2. Nile Kinnick, 1937-39 – Iowa played a total of 24 games in his three seasons as a Hawkeye, and yet, he still finished his career with 18 interceptions.
That is tied for first in program history with Devon Mitchell, who played in over 40 games as a Hawkeye.
That isn’t meant to minimize what Mitchell accomplished as a Hawkeye, but rather to show just how incredible Kinnick was on defense.
He still has the distinction of being Iowa’s only Heisman Trophy winner, earning the award in 1939 thanks to his versatility and all-around play.
He participated in 107 of his team’s 130 points on offense, including 11 drop kicks in 1939, and he led the nation with eight interceptions.
- Bob Sanders, 2000-03 – Before you accuse me of blasphemy for ranking somebody ahead of Nile Kinnick, first consider that Kinnick was ranked No. 1 at running back in this series, and then also remember just how impactful Bob Sanders was as a Hawkeye.
Kirk Ferentz said Sanders changed the culture more than any other player that he’s coached at Iowa, and former teammates have said the same thing about the Erie, Pennsylvania native.
Sanders only stood about 5-foot-8, but he was wrapped in muscles and he played with a level of physicality that is rarely seen, even for Big Ten football.
Sanders wasn’t a dirty player, but he played through the whistle and wasn’t afraid to sacrifice his body. He attacked the ball carrier much like a heat-seeking missile and his bone-crunching tackles made you almost feel sorry for his opponents.
His style probably wouldn’t work in today’s game, but it helped to make him a legend two decades ago.
Sanders made first-team All-Big Ten three times and was named second-team All-America by the Associated Press as a senior in 2003.
Individual awards hardly do him justice, however, because part of what Sanders did as a Hawkeye can’t be measured by trophies and statistics.

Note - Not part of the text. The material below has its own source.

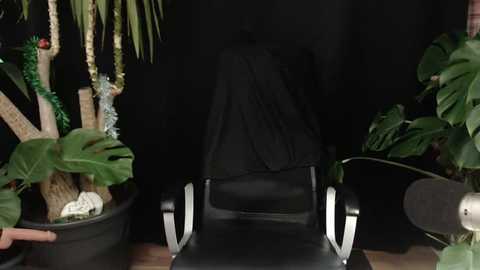 lola_sky@xh @ stripchat on 20251211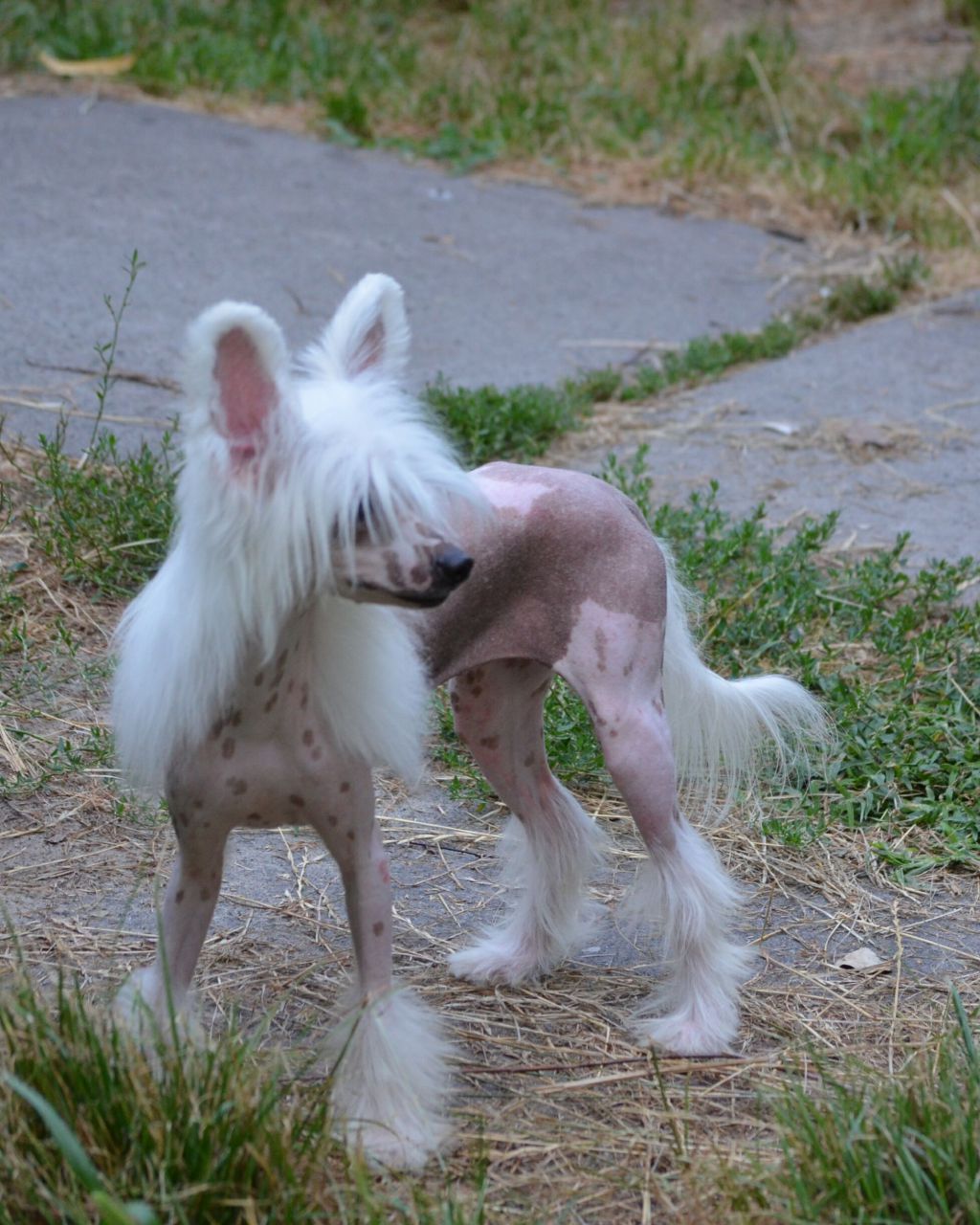 Magic of Success Incanto Love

He helped lay the foundation under Kirk Ferentz, and he showed that greatness doesn’t always come with a bunch of recruiting stars next to your name.
Sanders only had two scholarship offers coming out of high school from Iowa and Ohio, but he left Iowa as arguably the greatest defensive back in program history, and without question as the most influential player under Kirk Ferentz.
Also considered: Paul Krause, Emlen Tunnell, Earl Douthitt, Devon Mitchell, Mike Stoops, Bob Stoops, Jay Norvell, Steve Wilson, Riley Moss, Kerry Burt, Damien Robinson, Dane Belton, Shaun Prater, Willis Glassgow, Lou King, Amari Spievey, Brett Greenwood, Carlos James, B.J. Lowery, Tom Knight.